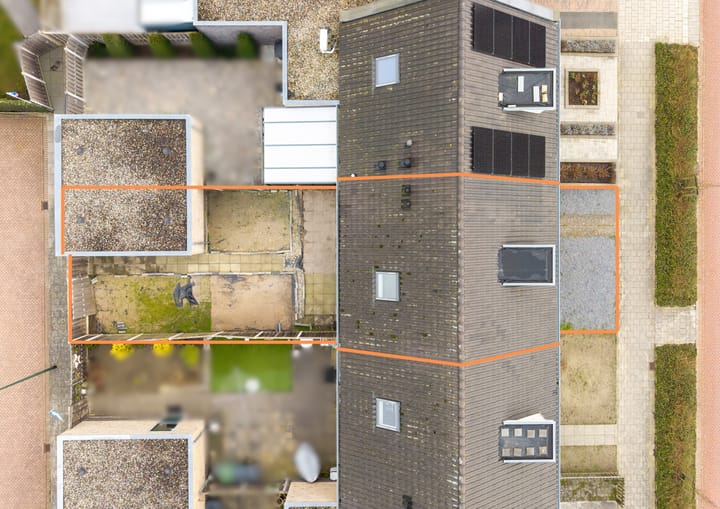 Foto 34 van Dokter Bernhardistraat 18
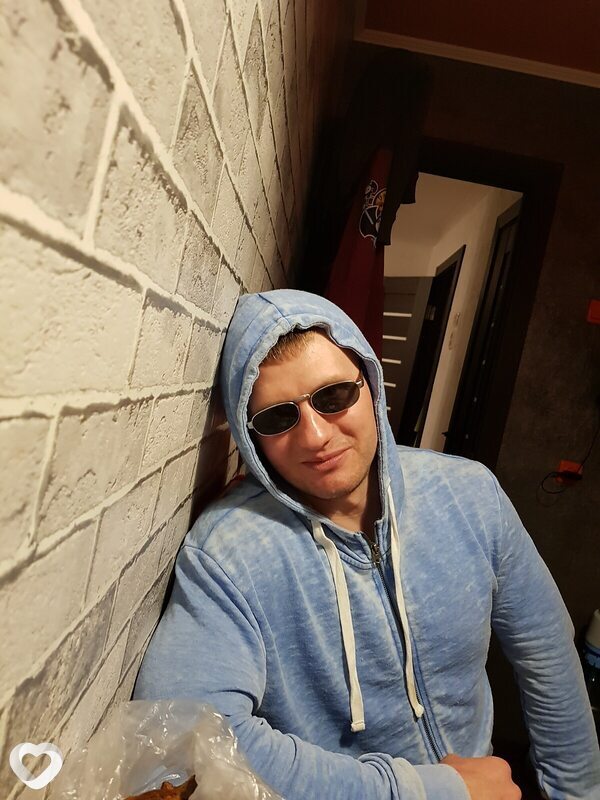 Ярик, 32, Пензе — анкета №4243944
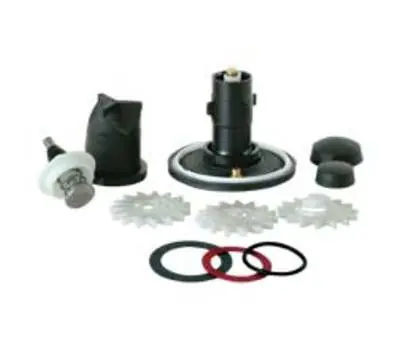 EZ-FLO 86131 Combo-Mast-R-Pro Flush Valve Repair Kit for Royal/Regal Style Sloan/Zurn Flush Valves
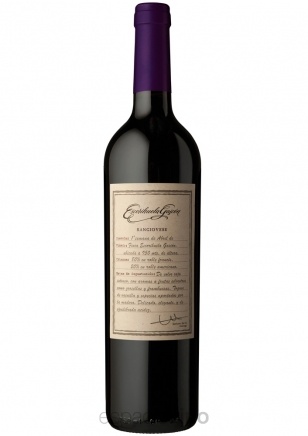 ESCORIHUELA GASCON SANGIOVESE 750ML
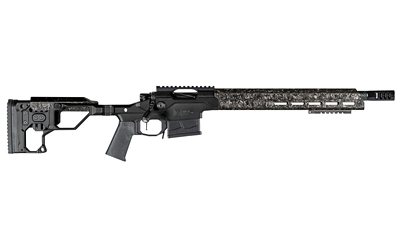 CHRIS MPR 308WIN 20 1-10 BLK MLOK CF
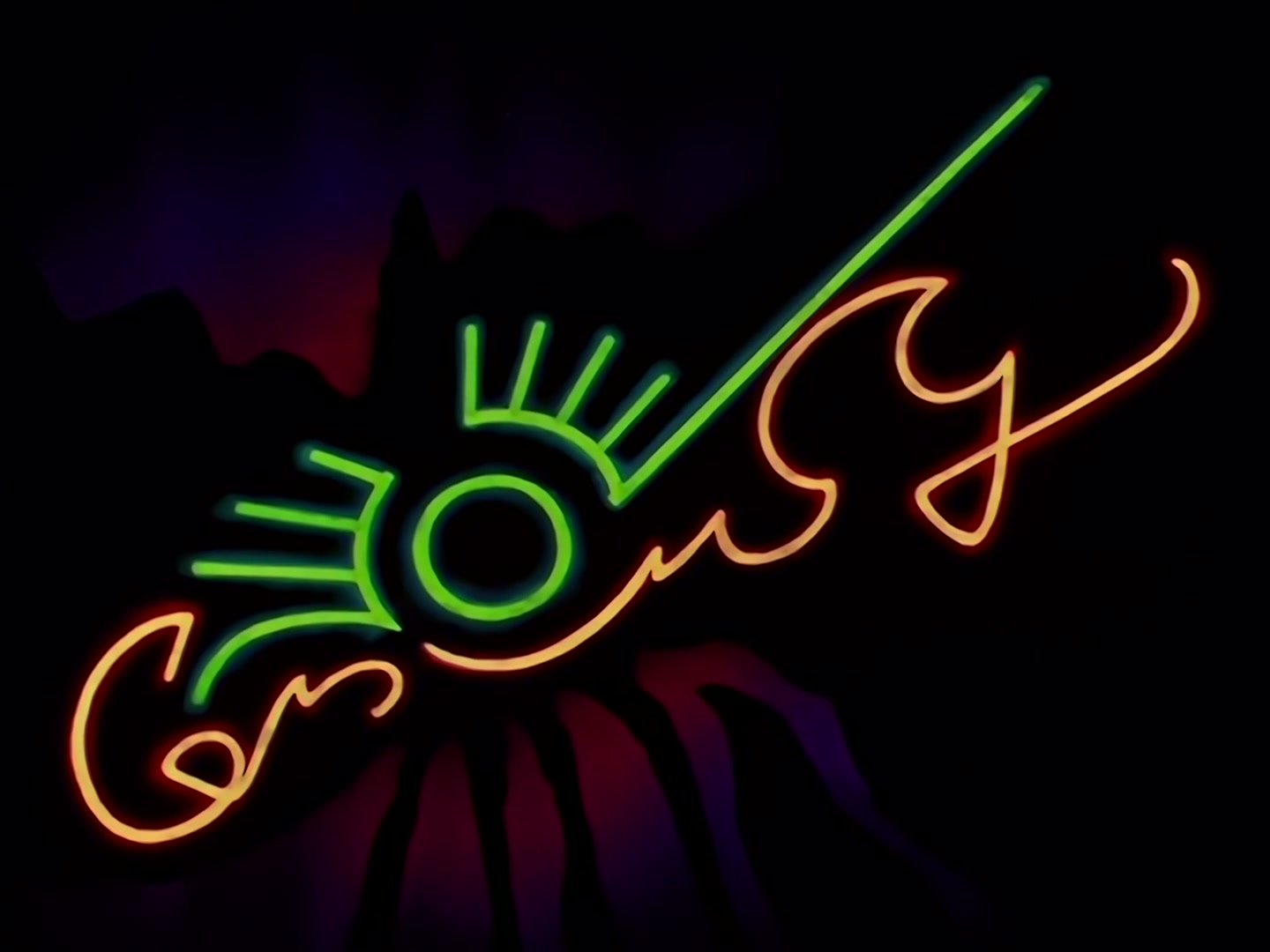 Sailor Moon Ep 136: Protect Mamoru: Ninja Usagi's Jealousy @ 00:05:16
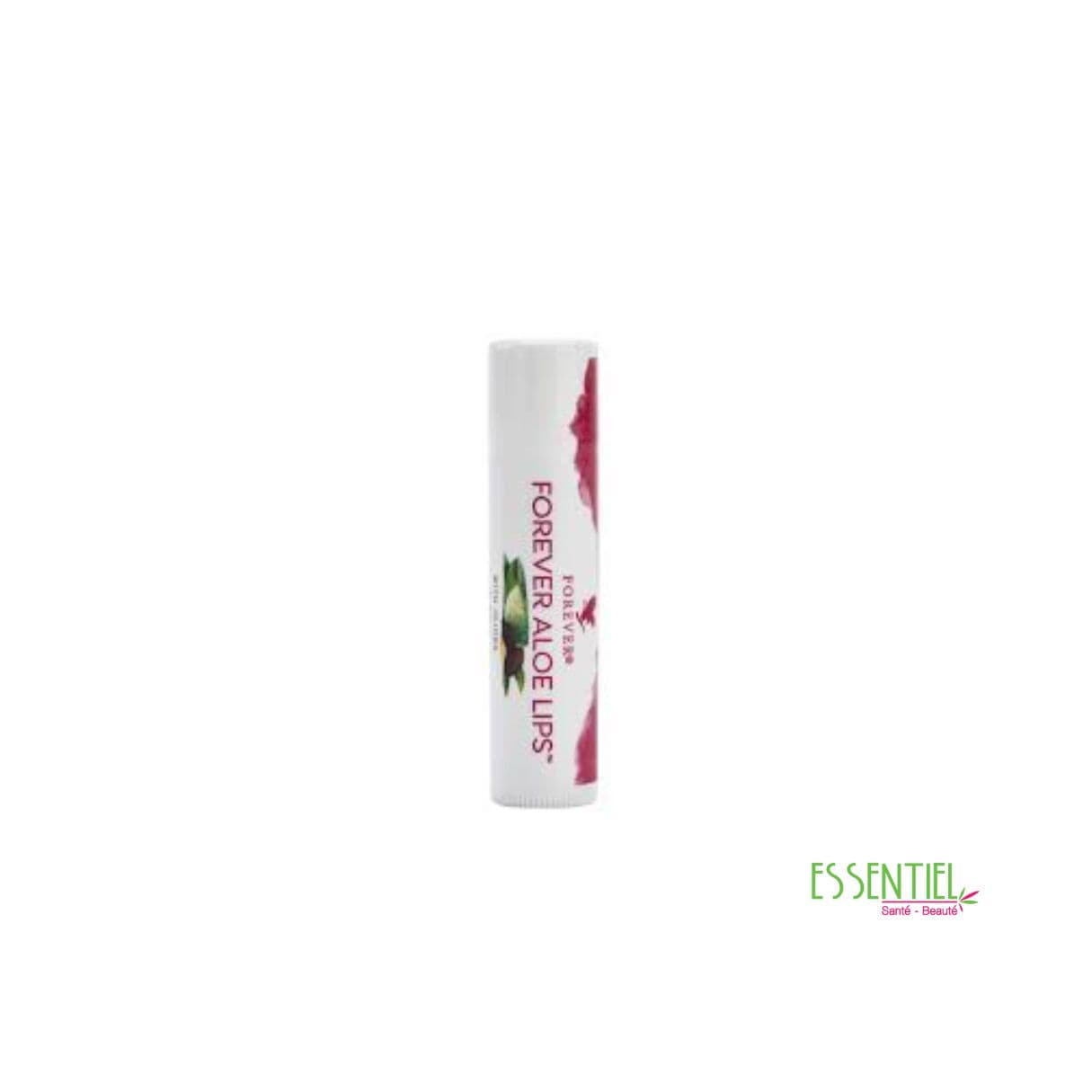 FOREVER BAUME ALOE LIPS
-=-=-
Write out the lines of the entries above exactly, beginning with the first and ending with the line that contains "CHRIS MPR 308WIN 20 1-10 BLK MLOK CF". No picture goes in.

 Foto 34 van Dokter Bernhardistraat 18
 Ярик, 32, Пензе — анкета №4243944
 EZ-FLO 86131 Combo-Mast-R-Pro Flush Valve Repair Kit for Royal/Regal Style Sloan/Zurn Flush Valves
 ESCORIHUELA GASCON SANGIOVESE 750ML
 CHRIS MPR 308WIN 20 1-10 BLK MLOK CF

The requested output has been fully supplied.